My pithy statement for this book? Bad TV talent shows and narcolepsy, together at last.
So it is I've been asked to write yet another synopsis for my novel None of the Other Flies Follow My Crooked Lines. It's probably my third or fourth attempt at this and it's never an easy task. Hell, it took me nine words to title the damn thing.
The new synopsis comes off the back of some intensive editing, so at least this time I have a strong grasp of what happens when in the story.
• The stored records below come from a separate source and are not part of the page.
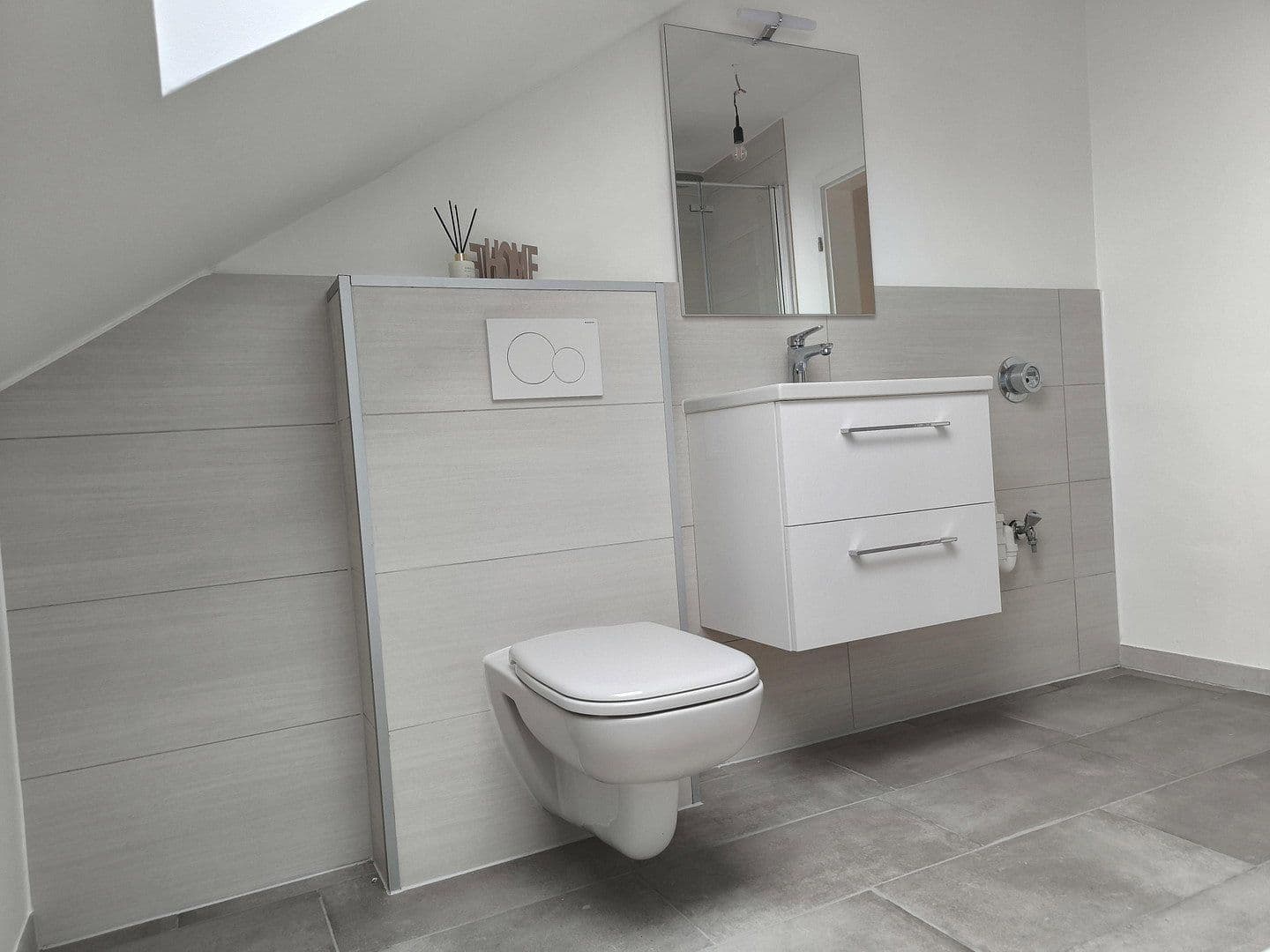 Predaj domu 325 m², pozemek 849 m², Dasing, Bavorsko Predaj domu 325 m², pozemek 849 m², Dasing, Bavorsko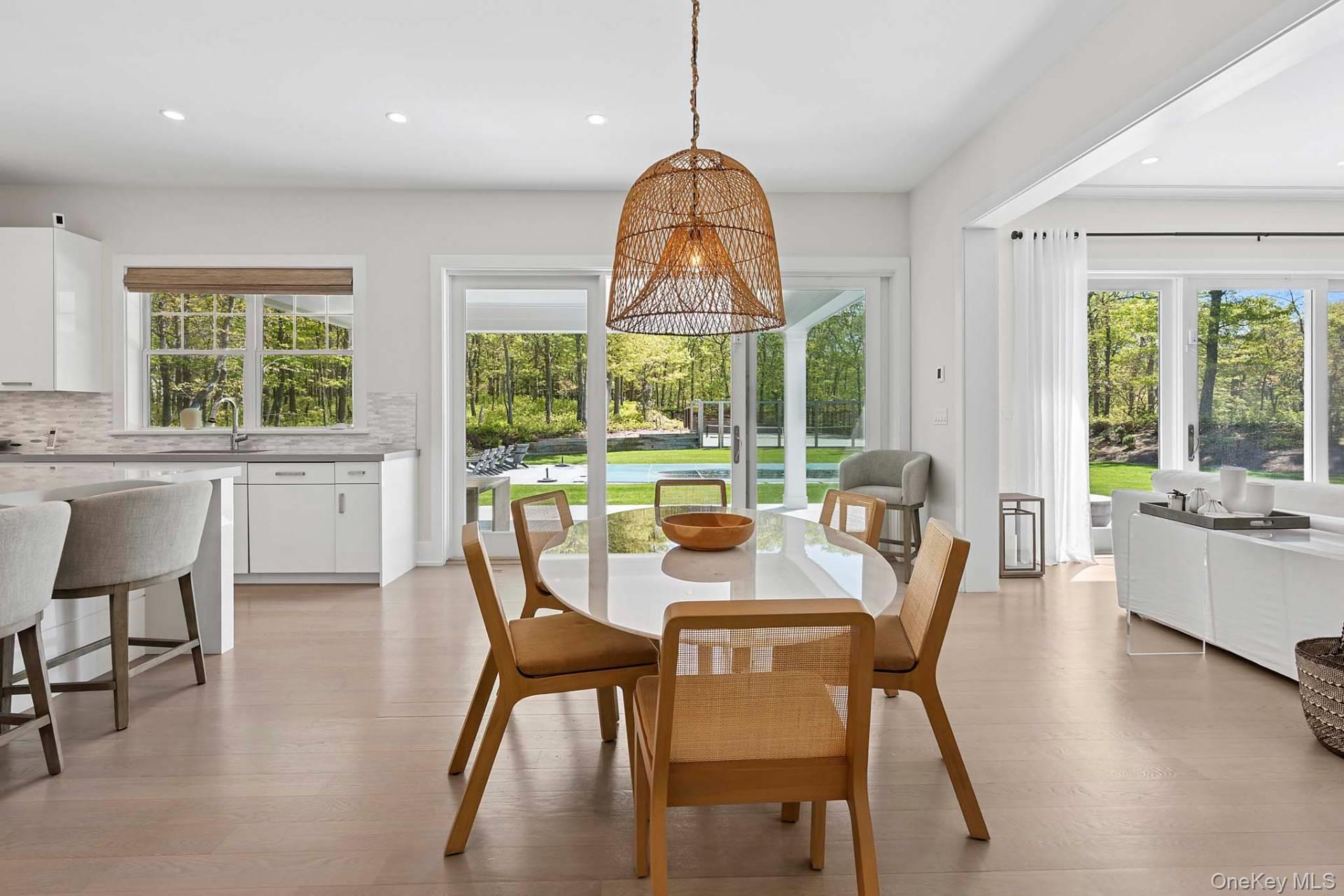 29 Broadway, Southampton, NY 11968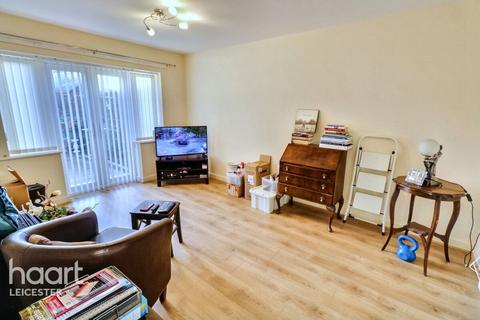 2 bedroom bungalow for sale, Field Gate Gardens, Leicester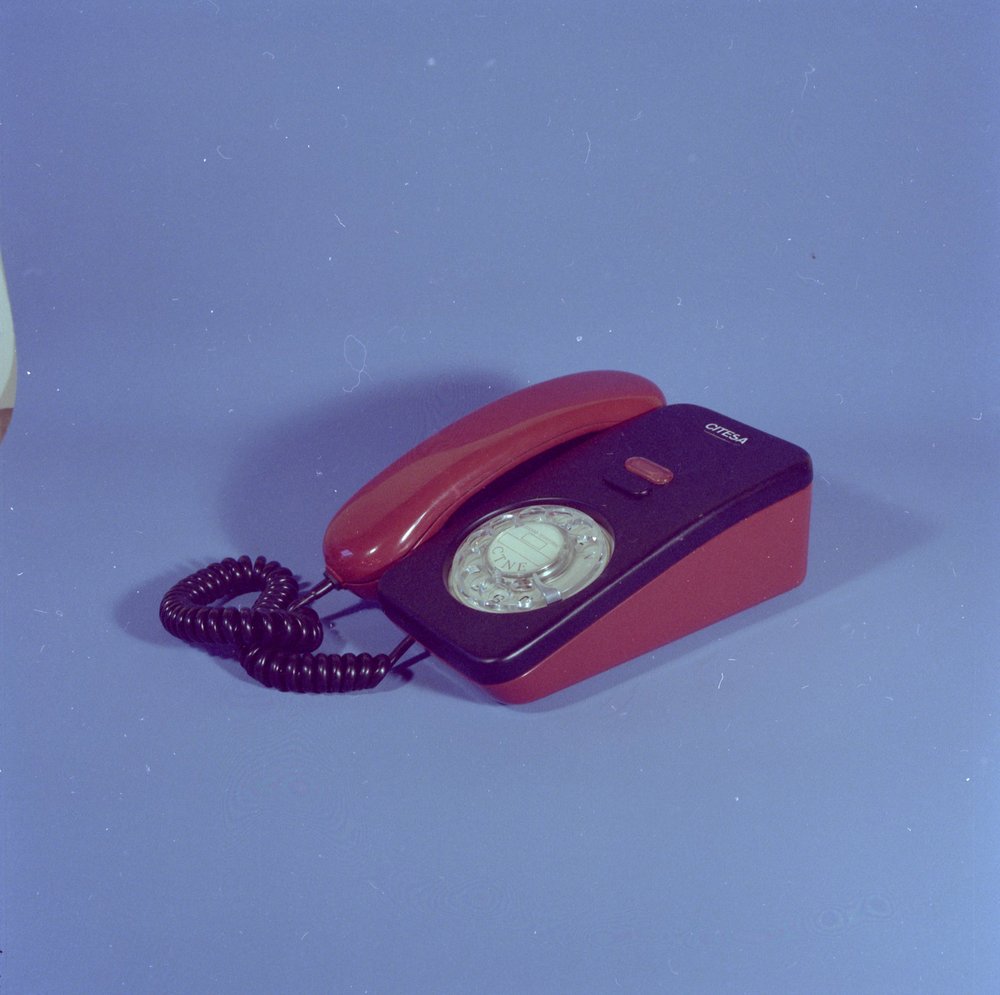 TELEPHONE SETS: BASE MODEL TELEPHONE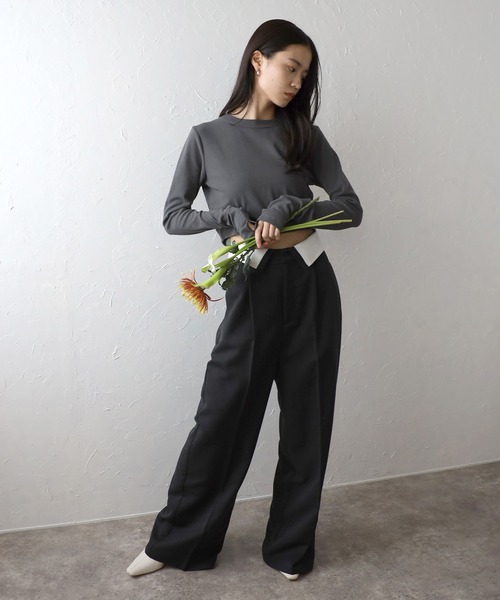 ENC（エンク）の「cropped crew neck pullover / クロップドクルーネックプルオーバー（Tシャツ/カットソー・レディース・チャコールグレー/オフホワイト/ブラック・FREE）」の20枚目の写真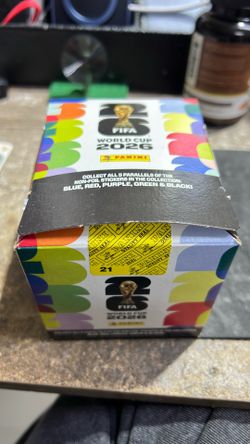 Cambio o vendo stikers Panini 2027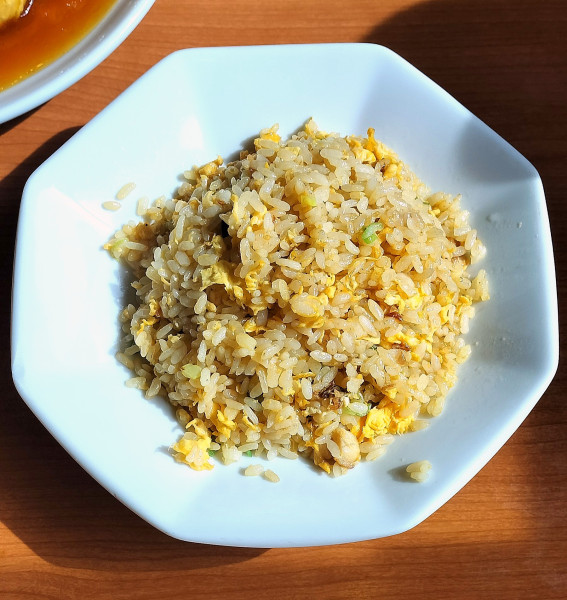 「ラーメンセット(担々麺＋炒飯) 1000円＋税」@龍麒園の写真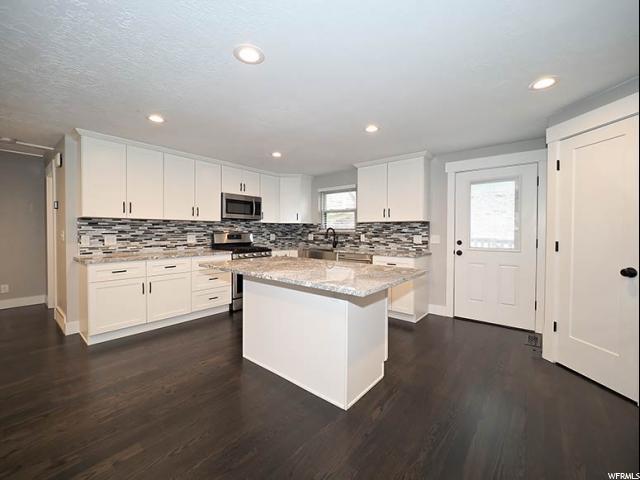 8523 S Kelsch Dr E, Sandy, UT 84093 — photo 9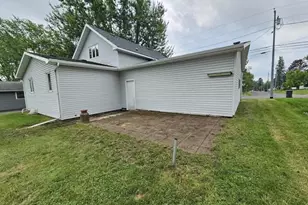 827 W North St, Marshfield, WI 54449 - Photo 16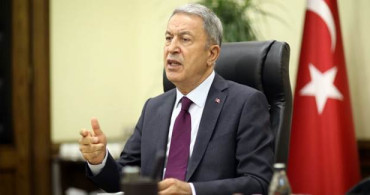 Hulusi Akar'dan Yunan Gazetesine Ayar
My personal problem with synopses is that I lapse into a prose style I would never contemplate in the story itself. I launch into breathless sentences full of clauses and subclauses. TO be honest, I don't know how else to do it. At some point you need to explain that Bunny is Liberty's mother and that Richo is the host of the television show, otherwise the reader of the synopsis has no idea what you're talking about.
I also tend to pose questions:
What went so wrong? Did Liberty really disappear or is this just another ratings stunt?And how can you trust your own story when the already blurred border between waking and dreaming states evaporates entirely?
It's hokey, but, again, I don't know how else to condense the tension of a novel into such a small space.
As a novelist, I really shouldn't complain. Scriptwriters are required to do this kind of summary on stuff they haven't yet finished, and they have to pitch stuff in person. At least we get to hide behind letters and emails.